The worst character is Farrell’s obsessive stalker, played by Barry Keoghan. He attempts to be creepy, but is merely irritating. Even more baffling is Raffey Cassidy’s performance as the daughter. She showed plenty of spunk as the optimistic robot in Brad Bird’s Tomorrowland and yet she somehow is far more robotic in Sacred Deer than when she played an actual android. Lanthimos frequently hits the audience with images that are merely shocking for the sake of it, but what is the point? Is he saying people are inherently terrible and deserve the worst punishments? One could argue these characters are truly despicable, but it doesn’t explain the young son being punished, as he is in no way linked to his parents’ and sister’s faults.

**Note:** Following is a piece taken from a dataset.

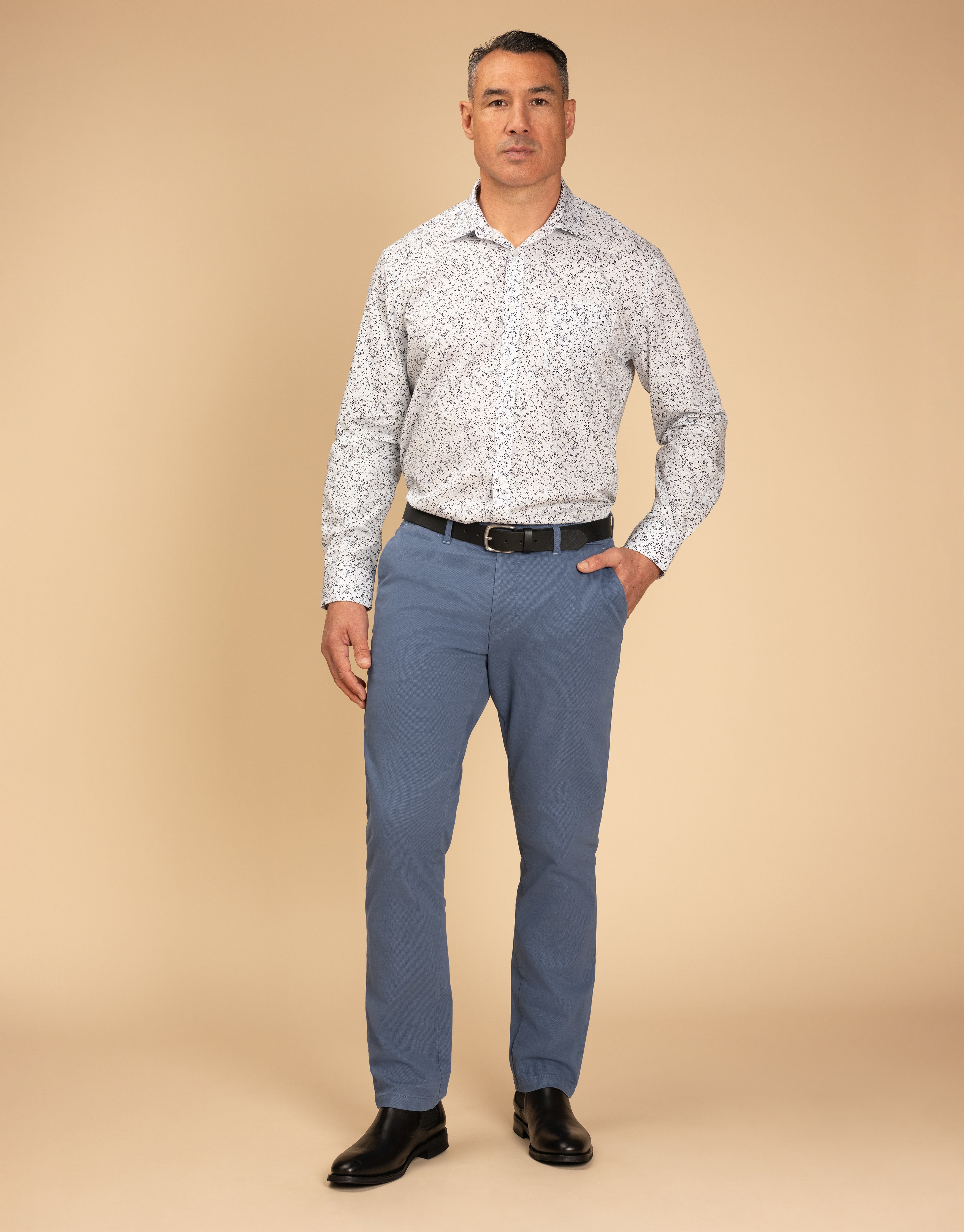 Sinatra White & Blue Floral Print Shirt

What is Lanthimos saying? That will be the eternal question as most leave the screening, stroking their chins and pondering. He appears to be saying that the world is horrible and we all deserve the worst punishments for minor offenses. Really, the only person at fault is Farrell for making one idiotic decision after another and placating his stalker for so long. Lanthimos delights in bizarre scenes, like a strange cameo from Alicia Silverstone. However, these moments of weirdness lack the strong emotion that benefit works of superior directors. When David Lynch delved into the world’s offbeat weirdness, he said so much. Lanthimos doesn’t appear to be saying much of anything.

The Killing of a Sacred Deer just wants to tell the audience that life stinks, so why bother? It’s not merely that the dialogue is annoyingly stilted and the characters lack any real depth and emotion. The problem is the nihilistic tone that soaks over the entire film. This is the sort of movie that pushes one to explore more sweet natured and good hearted fare, much as it may displease Mr. Lanthimos to read that. The Killing of a Sacred Deer is sadistic and depraved, with little commentary beyond that. Yorgos Lanthimos probably enjoyed himself a lot while making this film, but the content seems to reveal himself as a real party pooper.